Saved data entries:
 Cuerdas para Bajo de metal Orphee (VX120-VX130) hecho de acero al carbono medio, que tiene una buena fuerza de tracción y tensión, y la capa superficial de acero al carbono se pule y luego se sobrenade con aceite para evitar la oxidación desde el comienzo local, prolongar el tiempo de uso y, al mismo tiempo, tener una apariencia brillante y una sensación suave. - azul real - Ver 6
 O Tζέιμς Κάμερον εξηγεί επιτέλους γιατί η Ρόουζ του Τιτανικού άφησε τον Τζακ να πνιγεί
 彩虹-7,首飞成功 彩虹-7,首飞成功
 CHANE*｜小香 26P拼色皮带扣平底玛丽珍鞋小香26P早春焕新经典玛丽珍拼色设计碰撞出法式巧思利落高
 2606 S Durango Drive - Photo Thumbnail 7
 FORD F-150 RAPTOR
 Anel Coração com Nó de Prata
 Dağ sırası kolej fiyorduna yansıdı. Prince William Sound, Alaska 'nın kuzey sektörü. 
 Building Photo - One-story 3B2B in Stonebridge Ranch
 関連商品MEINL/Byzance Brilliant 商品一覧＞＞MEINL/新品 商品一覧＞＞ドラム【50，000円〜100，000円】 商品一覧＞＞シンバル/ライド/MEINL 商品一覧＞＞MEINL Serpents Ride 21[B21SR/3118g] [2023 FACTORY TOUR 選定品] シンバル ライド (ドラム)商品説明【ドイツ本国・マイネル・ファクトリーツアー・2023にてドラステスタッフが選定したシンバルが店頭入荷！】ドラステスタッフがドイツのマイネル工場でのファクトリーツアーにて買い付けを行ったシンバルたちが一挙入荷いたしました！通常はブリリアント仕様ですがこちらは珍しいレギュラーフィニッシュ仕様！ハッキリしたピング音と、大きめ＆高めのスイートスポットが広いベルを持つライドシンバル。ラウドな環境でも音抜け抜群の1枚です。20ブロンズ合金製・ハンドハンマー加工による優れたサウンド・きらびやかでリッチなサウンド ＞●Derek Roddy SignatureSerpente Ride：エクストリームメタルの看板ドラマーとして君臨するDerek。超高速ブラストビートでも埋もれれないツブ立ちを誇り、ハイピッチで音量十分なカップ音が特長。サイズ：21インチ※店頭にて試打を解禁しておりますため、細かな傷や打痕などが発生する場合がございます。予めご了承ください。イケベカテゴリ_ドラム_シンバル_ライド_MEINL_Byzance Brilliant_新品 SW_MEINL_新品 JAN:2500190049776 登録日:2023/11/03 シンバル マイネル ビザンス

Work item: The full data, transcribed without change, is the expected answer.

Response below:
 Cuerdas para Bajo de metal Orphee (VX120-VX130) hecho de acero al carbono medio, que tiene una buena fuerza de tracción y tensión, y la capa superficial de acero al carbono se pule y luego se sobrenade con aceite para evitar la oxidación desde el comienzo local, prolongar el tiempo de uso y, al mismo tiempo, tener una apariencia brillante y una sensación suave. - azul real - Ver 6
 O Tζέιμς Κάμερον εξηγεί επιτέλους γιατί η Ρόουζ του Τιτανικού άφησε τον Τζακ να πνιγεί
 彩虹-7,首飞成功 彩虹-7,首飞成功
 CHANE*｜小香 26P拼色皮带扣平底玛丽珍鞋小香26P早春焕新经典玛丽珍拼色设计碰撞出法式巧思利落高
 2606 S Durango Drive - Photo Thumbnail 7
 FORD F-150 RAPTOR
 Anel Coração com Nó de Prata
 Dağ sırası kolej fiyorduna yansıdı. Prince William Sound, Alaska 'nın kuzey sektörü. 
 Building Photo - One-story 3B2B in Stonebridge Ranch
 関連商品MEINL/Byzance Brilliant 商品一覧＞＞MEINL/新品 商品一覧＞＞ドラム【50，000円〜100，000円】 商品一覧＞＞シンバル/ライド/MEINL 商品一覧＞＞MEINL Serpents Ride 21[B21SR/3118g] [2023 FACTORY TOUR 選定品] シンバル ライド (ドラム)商品説明【ドイツ本国・マイネル・ファクトリーツアー・2023にてドラステスタッフが選定したシンバルが店頭入荷！】ドラステスタッフがドイツのマイネル工場でのファクトリーツアーにて買い付けを行ったシンバルたちが一挙入荷いたしました！通常はブリリアント仕様ですがこちらは珍しいレギュラーフィニッシュ仕様！ハッキリしたピング音と、大きめ＆高めのスイートスポットが広いベルを持つライドシンバル。ラウドな環境でも音抜け抜群の1枚です。20ブロンズ合金製・ハンドハンマー加工による優れたサウンド・きらびやかでリッチなサウンド ＞●Derek Roddy SignatureSerpente Ride：エクストリームメタルの看板ドラマーとして君臨するDerek。超高速ブラストビートでも埋もれれないツブ立ちを誇り、ハイピッチで音量十分なカップ音が特長。サイズ：21インチ※店頭にて試打を解禁しておりますため、細かな傷や打痕などが発生する場合がございます。予めご了承ください。イケベカテゴリ_ドラム_シンバル_ライド_MEINL_Byzance Brilliant_新品 SW_MEINL_新品 JAN:2500190049776 登録日:2023/11/03 シンバル マイネル ビザンス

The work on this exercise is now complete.